Data extracted from a collection
--- --- ---

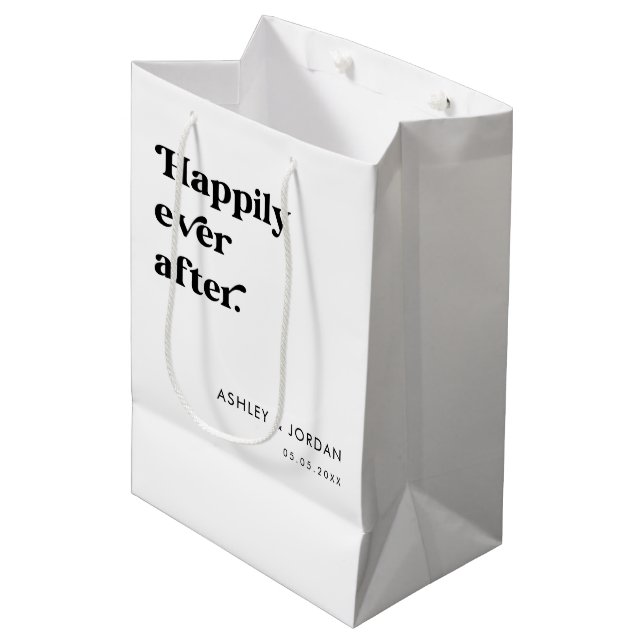 Sac Cadeau Moyen Rétro Script Typographie Heureux Pour Toujours Mar (Devant Angle)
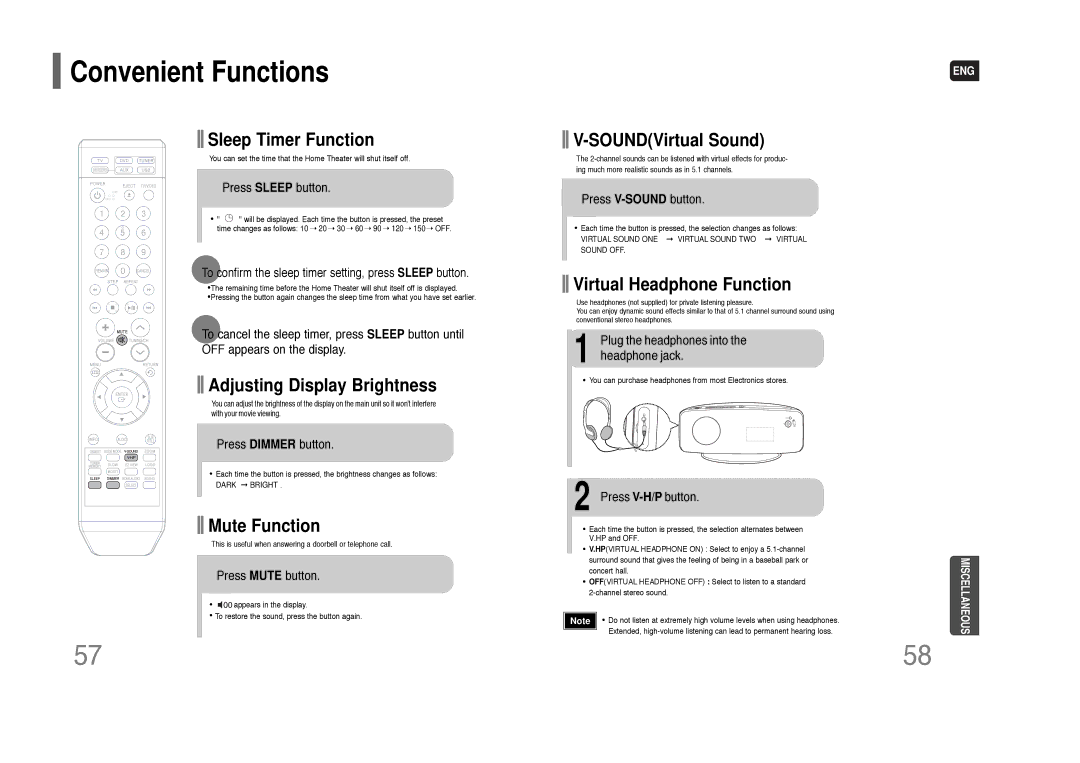 Samsung HT-Q100W instruction manual Convenient Functions 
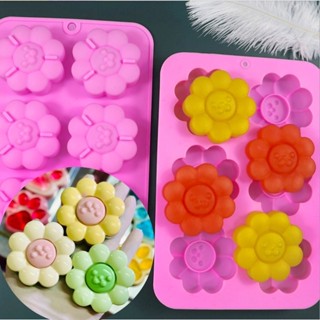 KHUÔN SILICON 6 HOA MẶT TRỜI LÀM THẠCH RAU CÂU, PUDDING TRÀ SỮA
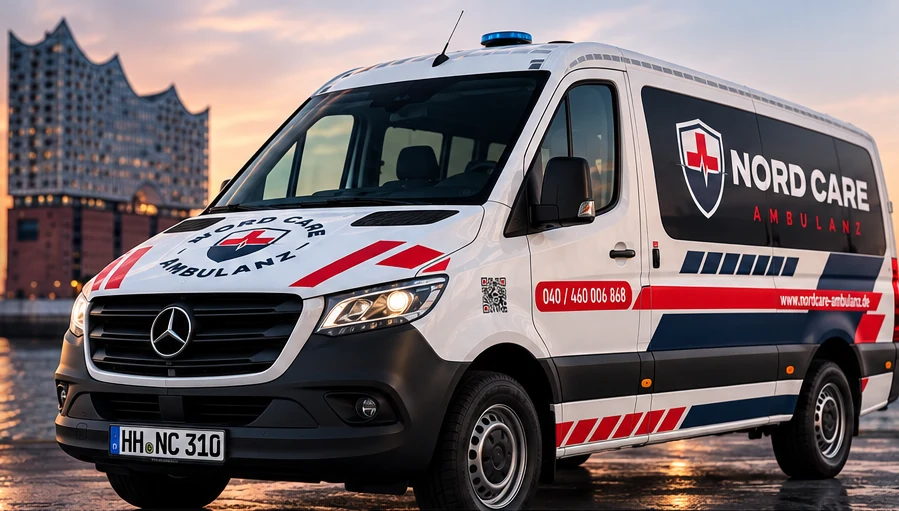 NordCare Krankentransportwagen vor der Hamburger Elbphilharmonie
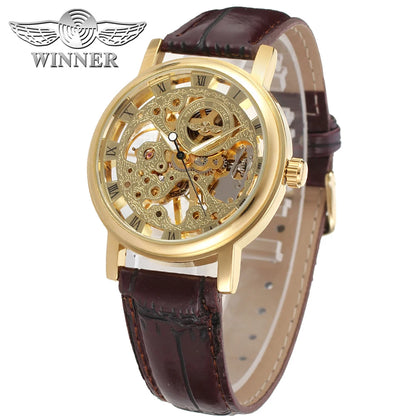 T-Winner Popular Lovers Skeleton Design Gold Watches Mechanical Hand Wind Movement PU Leather Strap Wristwatch for Men Women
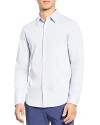 Theory Sylvain Structure Knit Regular Fit Shirt In Deep Sea Blue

--- --- ---

◆ EXERCISE AIM
Copy every entry above exactly as it stands, but leave the pictures out.

◆ REPLY
 Sac Cadeau Moyen Rétro Script Typographie Heureux Pour Toujours Mar (Devant Angle)
 Samsung HT-Q100W instruction manual Convenient Functions 
 KHUÔN SILICON 6 HOA MẶT TRỜI LÀM THẠCH RAU CÂU, PUDDING TRÀ SỮA
 NordCare Krankentransportwagen vor der Hamburger Elbphilharmonie
 T-Winner Popular Lovers Skeleton Design Gold Watches Mechanical Hand Wind Movement PU Leather Strap Wristwatch for Men Women
 Theory Sylvain Structure Knit Regular Fit Shirt In Deep Sea Blue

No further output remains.